Who is eligible to create a Bitcoin account?
Unlike banks, anyone can create a Bitcoin wallet on their own. This brings many benefits, and perhaps the most important ones are accessibility and censorship-resistance.
You see, banks create policies, and customers must oblige. If they fail to do so, the banks have the authority to shut down their accounts. They can also reverse or freeze transactions. This can’t happen with Bitcoin – there’s no central authority. Oh, and Bitcoin’s network works 24/7, 365 days a year.
In terms of accessibility – literally, anyone in the world with access to the Internet can obtain, send, store, and transact with Bitcoin and open a “Bitcoin account.” All they need to do is download a digital wallet app. Sending large amounts of BTC is a lot quicker and cheaper than sending fiat currency through traditional bank transfers. When was the last time you sent $300 million for a $1 fee?
How to buy Bitcoin?
The simplest and easiest way to buy Bitcoin is online through a reliable exchange or through a Bitcoin ATM—there are many of these located around the world.
What is the cost to send Bitcoin?
The only cost associated with sending Bitcoin from one address to another (no matter the physical distance) is the transaction fee, which is added to each order and paid to the miner for his work. Remember that miners must validate and verify the transaction before adding it to a block.

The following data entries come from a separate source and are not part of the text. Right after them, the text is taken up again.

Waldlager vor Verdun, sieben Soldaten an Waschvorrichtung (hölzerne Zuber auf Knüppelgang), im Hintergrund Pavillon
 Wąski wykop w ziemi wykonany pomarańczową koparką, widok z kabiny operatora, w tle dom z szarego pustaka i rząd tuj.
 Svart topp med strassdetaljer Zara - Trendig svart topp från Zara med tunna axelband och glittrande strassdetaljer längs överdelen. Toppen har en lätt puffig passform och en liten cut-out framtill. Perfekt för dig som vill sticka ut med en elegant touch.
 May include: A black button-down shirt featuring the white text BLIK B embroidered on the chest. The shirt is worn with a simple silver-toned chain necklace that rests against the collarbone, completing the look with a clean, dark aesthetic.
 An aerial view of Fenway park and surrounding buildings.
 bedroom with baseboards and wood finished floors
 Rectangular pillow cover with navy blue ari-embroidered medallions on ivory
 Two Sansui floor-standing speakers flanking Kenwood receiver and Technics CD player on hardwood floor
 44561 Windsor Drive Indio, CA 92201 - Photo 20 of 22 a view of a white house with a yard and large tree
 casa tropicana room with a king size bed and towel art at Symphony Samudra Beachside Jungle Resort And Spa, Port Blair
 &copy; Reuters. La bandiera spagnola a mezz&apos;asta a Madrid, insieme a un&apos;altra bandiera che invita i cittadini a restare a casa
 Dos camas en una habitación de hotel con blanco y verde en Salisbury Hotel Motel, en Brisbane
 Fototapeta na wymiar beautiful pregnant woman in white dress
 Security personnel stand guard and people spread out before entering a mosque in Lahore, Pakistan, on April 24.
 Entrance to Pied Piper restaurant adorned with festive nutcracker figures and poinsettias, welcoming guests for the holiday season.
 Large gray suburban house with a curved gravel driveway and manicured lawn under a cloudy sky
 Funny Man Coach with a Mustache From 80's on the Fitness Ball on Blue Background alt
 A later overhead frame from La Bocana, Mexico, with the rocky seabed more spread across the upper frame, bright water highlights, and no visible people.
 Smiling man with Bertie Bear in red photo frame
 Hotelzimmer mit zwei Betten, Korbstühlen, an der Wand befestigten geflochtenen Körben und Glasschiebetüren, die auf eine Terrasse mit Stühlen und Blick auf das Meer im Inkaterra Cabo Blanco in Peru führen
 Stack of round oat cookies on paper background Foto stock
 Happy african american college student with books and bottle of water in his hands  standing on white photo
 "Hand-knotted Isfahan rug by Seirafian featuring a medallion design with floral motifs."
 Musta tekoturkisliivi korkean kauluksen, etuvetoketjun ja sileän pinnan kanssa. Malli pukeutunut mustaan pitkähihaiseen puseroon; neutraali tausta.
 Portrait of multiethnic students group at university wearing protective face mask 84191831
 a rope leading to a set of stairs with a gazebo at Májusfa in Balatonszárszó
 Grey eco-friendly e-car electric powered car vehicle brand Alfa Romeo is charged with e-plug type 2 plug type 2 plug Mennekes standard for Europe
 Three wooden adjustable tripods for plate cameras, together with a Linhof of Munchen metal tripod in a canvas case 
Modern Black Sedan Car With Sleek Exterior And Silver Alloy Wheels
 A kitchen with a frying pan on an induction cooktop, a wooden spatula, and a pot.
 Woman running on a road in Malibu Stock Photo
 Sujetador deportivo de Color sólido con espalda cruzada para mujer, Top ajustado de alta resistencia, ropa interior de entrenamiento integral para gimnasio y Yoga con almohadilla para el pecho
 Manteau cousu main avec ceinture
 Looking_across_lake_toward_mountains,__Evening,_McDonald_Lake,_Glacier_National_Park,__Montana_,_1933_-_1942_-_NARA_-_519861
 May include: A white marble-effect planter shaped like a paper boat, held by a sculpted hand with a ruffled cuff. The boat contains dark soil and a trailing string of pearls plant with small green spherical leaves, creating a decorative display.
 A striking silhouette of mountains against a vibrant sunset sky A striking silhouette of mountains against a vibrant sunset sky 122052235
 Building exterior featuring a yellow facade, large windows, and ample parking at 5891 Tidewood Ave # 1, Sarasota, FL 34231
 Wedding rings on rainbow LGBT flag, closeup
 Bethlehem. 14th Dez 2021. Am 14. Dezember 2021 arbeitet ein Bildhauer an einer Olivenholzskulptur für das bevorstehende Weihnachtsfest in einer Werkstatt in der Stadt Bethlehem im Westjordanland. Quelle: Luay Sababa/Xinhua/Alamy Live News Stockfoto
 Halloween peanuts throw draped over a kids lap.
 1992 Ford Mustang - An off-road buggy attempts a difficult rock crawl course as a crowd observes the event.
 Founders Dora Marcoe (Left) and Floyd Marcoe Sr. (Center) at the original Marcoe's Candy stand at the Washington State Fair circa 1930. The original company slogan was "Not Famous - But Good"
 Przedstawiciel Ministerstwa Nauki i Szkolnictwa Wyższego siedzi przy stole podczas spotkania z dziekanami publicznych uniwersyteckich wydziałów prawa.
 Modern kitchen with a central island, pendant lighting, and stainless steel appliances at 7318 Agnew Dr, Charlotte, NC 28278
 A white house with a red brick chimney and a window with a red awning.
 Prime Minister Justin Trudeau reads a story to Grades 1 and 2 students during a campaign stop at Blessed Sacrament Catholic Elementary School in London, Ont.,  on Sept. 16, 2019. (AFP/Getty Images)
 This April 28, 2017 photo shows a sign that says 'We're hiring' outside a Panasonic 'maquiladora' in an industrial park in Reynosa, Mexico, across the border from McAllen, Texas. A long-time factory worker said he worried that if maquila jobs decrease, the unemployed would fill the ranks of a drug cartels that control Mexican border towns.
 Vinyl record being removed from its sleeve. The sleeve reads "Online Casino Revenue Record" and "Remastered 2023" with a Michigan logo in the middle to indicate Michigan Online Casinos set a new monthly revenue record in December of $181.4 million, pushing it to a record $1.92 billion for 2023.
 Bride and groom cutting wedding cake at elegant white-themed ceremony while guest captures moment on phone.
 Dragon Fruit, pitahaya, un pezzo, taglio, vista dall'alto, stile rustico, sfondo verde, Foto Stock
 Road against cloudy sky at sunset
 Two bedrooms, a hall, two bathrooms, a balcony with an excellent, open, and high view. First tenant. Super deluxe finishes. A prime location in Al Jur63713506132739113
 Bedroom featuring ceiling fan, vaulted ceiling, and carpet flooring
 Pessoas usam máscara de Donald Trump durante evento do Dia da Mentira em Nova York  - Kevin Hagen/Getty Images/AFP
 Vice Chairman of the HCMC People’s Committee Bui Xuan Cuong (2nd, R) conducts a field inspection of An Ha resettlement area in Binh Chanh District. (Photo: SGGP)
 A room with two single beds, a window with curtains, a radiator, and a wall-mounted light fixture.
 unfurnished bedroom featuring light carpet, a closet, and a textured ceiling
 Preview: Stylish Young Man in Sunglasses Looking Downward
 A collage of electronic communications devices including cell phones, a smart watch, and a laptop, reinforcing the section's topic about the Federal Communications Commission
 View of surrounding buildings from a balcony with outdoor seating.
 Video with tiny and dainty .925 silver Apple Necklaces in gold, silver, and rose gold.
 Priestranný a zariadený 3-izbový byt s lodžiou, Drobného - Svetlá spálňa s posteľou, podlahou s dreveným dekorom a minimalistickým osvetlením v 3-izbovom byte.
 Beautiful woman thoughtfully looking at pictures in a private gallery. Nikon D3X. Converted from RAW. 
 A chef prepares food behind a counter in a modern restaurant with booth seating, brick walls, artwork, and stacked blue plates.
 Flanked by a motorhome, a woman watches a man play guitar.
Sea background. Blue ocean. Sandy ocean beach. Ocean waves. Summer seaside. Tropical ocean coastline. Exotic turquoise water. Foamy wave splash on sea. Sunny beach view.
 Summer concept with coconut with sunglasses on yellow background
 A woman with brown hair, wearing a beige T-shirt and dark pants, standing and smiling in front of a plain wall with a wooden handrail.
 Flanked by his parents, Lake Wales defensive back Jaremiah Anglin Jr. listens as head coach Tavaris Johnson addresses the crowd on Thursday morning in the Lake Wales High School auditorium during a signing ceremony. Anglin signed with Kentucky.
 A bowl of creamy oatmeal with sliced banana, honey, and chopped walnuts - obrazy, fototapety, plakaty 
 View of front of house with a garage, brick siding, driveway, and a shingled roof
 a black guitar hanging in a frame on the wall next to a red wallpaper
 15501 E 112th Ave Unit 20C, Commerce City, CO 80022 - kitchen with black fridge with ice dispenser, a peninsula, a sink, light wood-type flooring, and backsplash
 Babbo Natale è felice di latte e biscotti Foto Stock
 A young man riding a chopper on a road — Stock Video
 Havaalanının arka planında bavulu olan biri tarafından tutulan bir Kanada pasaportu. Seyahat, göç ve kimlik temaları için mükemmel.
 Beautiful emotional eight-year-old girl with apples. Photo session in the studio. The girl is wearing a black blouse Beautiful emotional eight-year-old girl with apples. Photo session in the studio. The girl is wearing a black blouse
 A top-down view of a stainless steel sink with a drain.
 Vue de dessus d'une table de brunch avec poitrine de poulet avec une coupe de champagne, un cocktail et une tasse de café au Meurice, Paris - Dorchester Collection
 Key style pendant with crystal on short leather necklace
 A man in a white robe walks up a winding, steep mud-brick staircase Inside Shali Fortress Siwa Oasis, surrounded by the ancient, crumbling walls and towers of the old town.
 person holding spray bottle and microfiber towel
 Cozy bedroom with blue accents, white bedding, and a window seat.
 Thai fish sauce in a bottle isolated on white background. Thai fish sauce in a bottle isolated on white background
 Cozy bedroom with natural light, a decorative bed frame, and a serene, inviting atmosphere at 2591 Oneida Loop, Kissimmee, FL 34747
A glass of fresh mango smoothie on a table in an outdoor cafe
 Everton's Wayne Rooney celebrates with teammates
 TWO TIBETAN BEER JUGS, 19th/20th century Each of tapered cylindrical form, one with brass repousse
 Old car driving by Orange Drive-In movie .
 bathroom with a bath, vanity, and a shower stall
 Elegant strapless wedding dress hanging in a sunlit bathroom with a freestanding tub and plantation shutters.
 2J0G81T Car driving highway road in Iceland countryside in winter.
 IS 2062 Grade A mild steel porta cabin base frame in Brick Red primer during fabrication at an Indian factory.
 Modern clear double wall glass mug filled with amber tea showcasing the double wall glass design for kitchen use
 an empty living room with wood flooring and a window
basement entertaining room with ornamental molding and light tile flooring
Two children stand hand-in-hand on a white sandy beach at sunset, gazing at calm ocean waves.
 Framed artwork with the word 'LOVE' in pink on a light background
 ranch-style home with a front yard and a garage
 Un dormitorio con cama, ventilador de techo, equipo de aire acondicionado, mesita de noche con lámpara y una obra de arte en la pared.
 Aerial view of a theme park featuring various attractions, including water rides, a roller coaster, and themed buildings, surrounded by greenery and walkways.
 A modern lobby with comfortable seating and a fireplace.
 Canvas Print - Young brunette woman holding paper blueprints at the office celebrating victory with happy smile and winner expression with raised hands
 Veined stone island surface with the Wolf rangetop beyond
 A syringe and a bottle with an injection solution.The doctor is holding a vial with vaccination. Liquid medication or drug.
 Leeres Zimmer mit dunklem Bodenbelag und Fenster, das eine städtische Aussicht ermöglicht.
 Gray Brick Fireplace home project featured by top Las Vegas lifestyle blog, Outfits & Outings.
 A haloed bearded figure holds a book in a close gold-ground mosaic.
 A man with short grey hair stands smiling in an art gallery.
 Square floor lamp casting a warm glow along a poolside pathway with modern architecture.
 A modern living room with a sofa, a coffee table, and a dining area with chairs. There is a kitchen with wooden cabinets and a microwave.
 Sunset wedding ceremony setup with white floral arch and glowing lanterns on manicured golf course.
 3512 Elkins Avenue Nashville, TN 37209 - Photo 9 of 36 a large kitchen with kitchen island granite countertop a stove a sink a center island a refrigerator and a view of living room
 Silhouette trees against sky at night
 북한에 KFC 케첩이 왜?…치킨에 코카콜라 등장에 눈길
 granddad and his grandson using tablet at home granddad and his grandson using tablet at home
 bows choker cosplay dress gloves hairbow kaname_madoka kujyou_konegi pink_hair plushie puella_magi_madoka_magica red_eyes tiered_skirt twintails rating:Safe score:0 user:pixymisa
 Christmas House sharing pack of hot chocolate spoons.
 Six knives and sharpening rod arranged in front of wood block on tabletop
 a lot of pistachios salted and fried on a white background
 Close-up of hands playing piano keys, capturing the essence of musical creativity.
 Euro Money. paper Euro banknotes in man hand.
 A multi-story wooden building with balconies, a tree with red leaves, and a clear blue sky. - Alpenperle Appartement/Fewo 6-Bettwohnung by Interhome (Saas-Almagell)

Relative to the means of money transfers, the cost of transferring Bitcoin is significantly cheaper. The fee is not fixed, and most of the digital wallets automatically calculate the minimum necessary fee.
The higher the fee, the faster the transfer will be (i.e., your transaction will be prioritised because of the higher fee) As of writing this, Bitcoin’s transaction cost (fee) is even less than $1 for most transactions.
To emphasise how cheap it is to send vast amounts in Bitcoin, this transaction of $101,000,000 was sent only for $121 in fees, which is roughly 0.00001%.
How do I start bitcoin as a beginner?
How to Invest in Bitcoin in 4 Steps
Join a Bitcoin Exchange.
Get a Bitcoin Wallet.
Connect Your Wallet to a Bank Account.
Place Your Bitcoin Order.
Can you invest $100 in Bitcoin?
If you’re new to cryptocurrency, you might be wondering, “Can I start by investing $100 in Bitcoin?” The answer is definitively yes.
How do Beginners explain Bitcoins?
Bitcoin is a digital currency with a decentralised network. Every Bitcoin transaction is recorded in a public log, and users can use encrypted keys to remain anonymous in the network. Transactions can be completed without the use of a middleman, which eliminates the need to go through a bank.
How do I cash out my bitcoins?
Methods of Cashing Out There are two main ways to convert bitcoin to cash and eventually transfer it to a bank account. To begin, you can use a third-party currency exchange broker. Third parties (such as bitcoin ATMs and debit cards) will exchange your bitcoins for cash at a set rate.
How much profit will I make if I invest 100 in bitcoin?
A $100 bitcoin investment could buy 0.003295 BTC. If Bitcoin returns to its all-time high of $68,789.63 in November 2022, that $100 investment would be worth $226.66.